Problem requirements. Write the data below out again, unchanged.

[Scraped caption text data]
= Beginning of Section =

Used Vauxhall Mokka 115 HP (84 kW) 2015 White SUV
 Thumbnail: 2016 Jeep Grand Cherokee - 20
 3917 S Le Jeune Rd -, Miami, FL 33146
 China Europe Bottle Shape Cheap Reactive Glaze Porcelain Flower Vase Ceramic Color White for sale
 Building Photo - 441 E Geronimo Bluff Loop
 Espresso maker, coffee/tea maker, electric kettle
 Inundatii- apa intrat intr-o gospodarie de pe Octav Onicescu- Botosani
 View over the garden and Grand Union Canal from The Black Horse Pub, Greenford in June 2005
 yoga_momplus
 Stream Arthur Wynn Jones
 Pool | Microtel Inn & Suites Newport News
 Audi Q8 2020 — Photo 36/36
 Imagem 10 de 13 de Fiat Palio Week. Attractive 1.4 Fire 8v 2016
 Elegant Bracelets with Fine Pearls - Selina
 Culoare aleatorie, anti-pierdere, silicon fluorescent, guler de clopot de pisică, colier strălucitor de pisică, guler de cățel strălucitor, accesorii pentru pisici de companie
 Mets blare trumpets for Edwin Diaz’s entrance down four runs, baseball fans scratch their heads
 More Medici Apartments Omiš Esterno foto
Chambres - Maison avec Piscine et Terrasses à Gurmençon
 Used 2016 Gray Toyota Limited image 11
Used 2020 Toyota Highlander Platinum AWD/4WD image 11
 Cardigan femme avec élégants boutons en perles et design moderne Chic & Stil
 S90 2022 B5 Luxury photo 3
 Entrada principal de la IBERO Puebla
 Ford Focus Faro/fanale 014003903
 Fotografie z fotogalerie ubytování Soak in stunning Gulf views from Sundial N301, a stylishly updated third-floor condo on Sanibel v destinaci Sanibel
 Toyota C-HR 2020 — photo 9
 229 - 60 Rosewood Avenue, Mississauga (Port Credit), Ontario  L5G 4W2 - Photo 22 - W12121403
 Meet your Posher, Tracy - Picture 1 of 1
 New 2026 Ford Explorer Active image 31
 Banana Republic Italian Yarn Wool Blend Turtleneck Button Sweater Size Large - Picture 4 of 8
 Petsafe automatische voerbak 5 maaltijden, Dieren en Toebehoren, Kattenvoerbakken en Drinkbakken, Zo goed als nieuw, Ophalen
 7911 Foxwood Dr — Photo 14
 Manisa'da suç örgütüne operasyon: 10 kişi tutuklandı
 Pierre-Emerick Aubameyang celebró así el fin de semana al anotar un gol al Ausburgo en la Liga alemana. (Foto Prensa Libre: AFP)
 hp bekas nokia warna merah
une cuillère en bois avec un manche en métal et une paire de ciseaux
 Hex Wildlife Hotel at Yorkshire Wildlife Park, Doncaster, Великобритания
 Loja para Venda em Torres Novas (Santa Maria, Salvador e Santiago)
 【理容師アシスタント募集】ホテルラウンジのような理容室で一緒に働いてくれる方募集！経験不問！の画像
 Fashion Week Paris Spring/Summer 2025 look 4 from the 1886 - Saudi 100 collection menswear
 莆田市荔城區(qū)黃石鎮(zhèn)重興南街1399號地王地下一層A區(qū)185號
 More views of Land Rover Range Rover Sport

= End of Section =

Solution for this exercise.
Used Vauxhall Mokka 115 HP (84 kW) 2015 White SUV
 Thumbnail: 2016 Jeep Grand Cherokee - 20
 3917 S Le Jeune Rd -, Miami, FL 33146
 China Europe Bottle Shape Cheap Reactive Glaze Porcelain Flower Vase Ceramic Color White for sale
 Building Photo - 441 E Geronimo Bluff Loop
 Espresso maker, coffee/tea maker, electric kettle
 Inundatii- apa intrat intr-o gospodarie de pe Octav Onicescu- Botosani
 View over the garden and Grand Union Canal from The Black Horse Pub, Greenford in June 2005
 yoga_momplus
 Stream Arthur Wynn Jones
 Pool | Microtel Inn & Suites Newport News
 Audi Q8 2020 — Photo 36/36
 Imagem 10 de 13 de Fiat Palio Week. Attractive 1.4 Fire 8v 2016
 Elegant Bracelets with Fine Pearls - Selina
 Culoare aleatorie, anti-pierdere, silicon fluorescent, guler de clopot de pisică, colier strălucitor de pisică, guler de cățel strălucitor, accesorii pentru pisici de companie
 Mets blare trumpets for Edwin Diaz’s entrance down four runs, baseball fans scratch their heads
 More Medici Apartments Omiš Esterno foto
Chambres - Maison avec Piscine et Terrasses à Gurmençon
 Used 2016 Gray Toyota Limited image 11
Used 2020 Toyota Highlander Platinum AWD/4WD image 11
 Cardigan femme avec élégants boutons en perles et design moderne Chic & Stil
 S90 2022 B5 Luxury photo 3
 Entrada principal de la IBERO Puebla
 Ford Focus Faro/fanale 014003903
 Fotografie z fotogalerie ubytování Soak in stunning Gulf views from Sundial N301, a stylishly updated third-floor condo on Sanibel v destinaci Sanibel
 Toyota C-HR 2020 — photo 9
 229 - 60 Rosewood Avenue, Mississauga (Port Credit), Ontario  L5G 4W2 - Photo 22 - W12121403
 Meet your Posher, Tracy - Picture 1 of 1
 New 2026 Ford Explorer Active image 31
 Banana Republic Italian Yarn Wool Blend Turtleneck Button Sweater Size Large - Picture 4 of 8
 Petsafe automatische voerbak 5 maaltijden, Dieren en Toebehoren, Kattenvoerbakken en Drinkbakken, Zo goed als nieuw, Ophalen
 7911 Foxwood Dr — Photo 14
 Manisa'da suç örgütüne operasyon: 10 kişi tutuklandı
 Pierre-Emerick Aubameyang celebró así el fin de semana al anotar un gol al Ausburgo en la Liga alemana. (Foto Prensa Libre: AFP)
 hp bekas nokia warna merah
une cuillère en bois avec un manche en métal et une paire de ciseaux
 Hex Wildlife Hotel at Yorkshire Wildlife Park, Doncaster, Великобритания
 Loja para Venda em Torres Novas (Santa Maria, Salvador e Santiago)
 【理容師アシスタント募集】ホテルラウンジのような理容室で一緒に働いてくれる方募集！経験不問！の画像
 Fashion Week Paris Spring/Summer 2025 look 4 from the 1886 - Saudi 100 collection menswear
 莆田市荔城區(qū)黃石鎮(zhèn)重興南街1399號地王地下一層A區(qū)185號
 More views of Land Rover Range Rover Sport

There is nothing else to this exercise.